German businesses cut down investment plans, freeze hiring due to uncertain economic recovery


(MENAFN) According to a study this week by the Association of German Chambers of Industry and Commerce (DIHK), businesses in Germany are cutting down on their investment plans and hiring freezes because they do not perceive any signs of a "self-sustaining" recovery in the leading Economy in the EU.

According to the survey, concerns over Germany's economic policies are growing among industry, with more than half of the 24,000 firms surveyed viewing them as a risk to their operation.

"We see no sign of a self-sustaining upswing so far," DIHK Managing Director Martin Wansleben stated in a declaration. "On the contrary, companies have revised their investment plans, which are important for this, and their hiring intentions downward – both into negative territory."

A mere 13 percent of surveyed firms anticipate any improvement in the coming 12 months, whereas 35 percent are preparing for a worsened economic situation and foresee continued decline in the German economy throughout the next year.

The survey conducted by the DIHK underscored the escalating prices of energy and raw materials as the primary threats looming over German businesses. Additionally, the scarcity of qualified workers and sluggish domestic demand were identified as significant challenges for companies in the foreseeable future.
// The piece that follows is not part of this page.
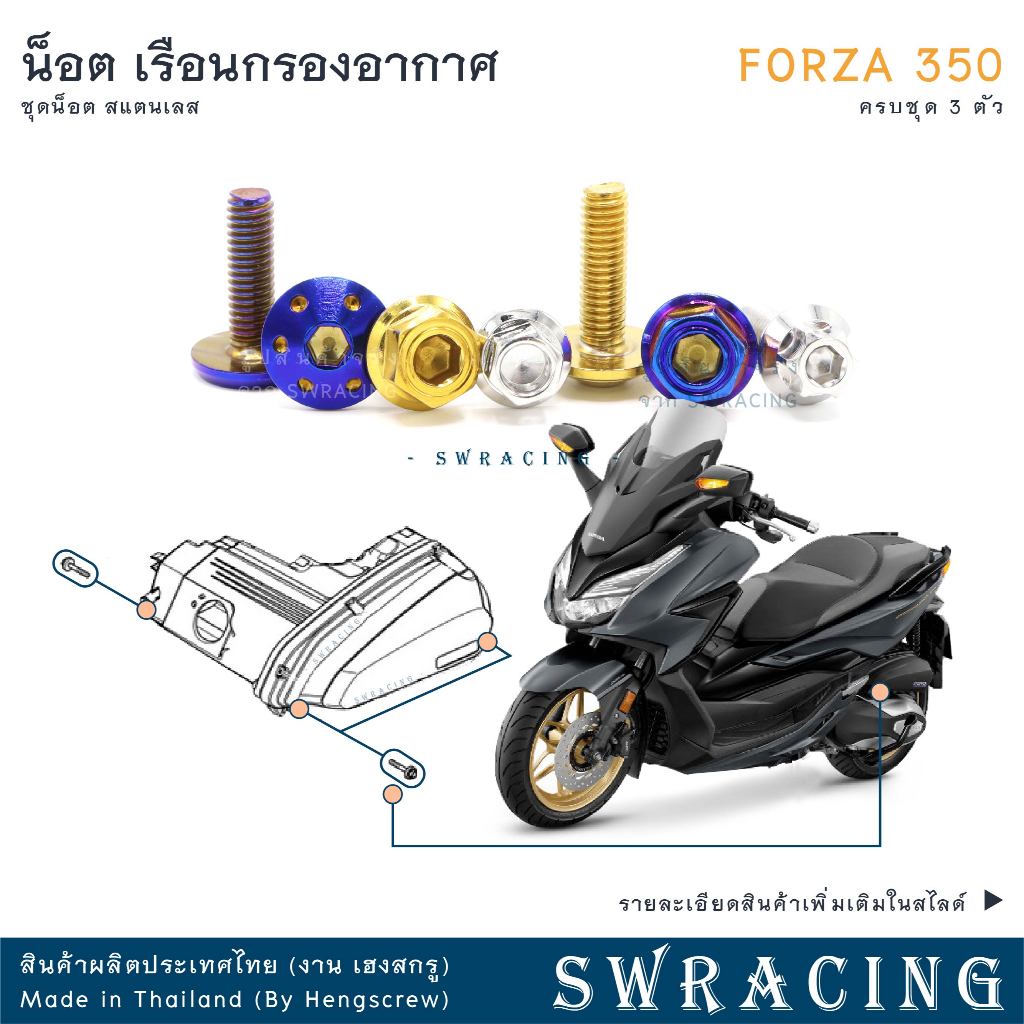 Forza350 20-2025 น็อตเลส ยึดเรือนกรองอากาศ ครบชุด 3 ตัว น็อตสแตนเลส  ราคาขายต่อ 1 ชุด งานเฮงสกรู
For over a year, the German economy has remained stagnant, and some economists have attributed the lack of growth to a six-month recession leading up to December. This downturn has been attributed to factors such as the energy crisis, diminished Chinese demand, and surging interest rates.

Researchers at the DIHK have revised their previous forecast from May, which predicted zero growth for Germany this year, now projecting a 0.5 percent contraction in the economy, followed by an anticipated zero growth in 2024.

While this outlook appears more pessimistic than the government's latest estimates, it aligns with a recent analysis by S&P Global, which revealed that private-sector activity contracted at a more pronounced rate this month than it did in September.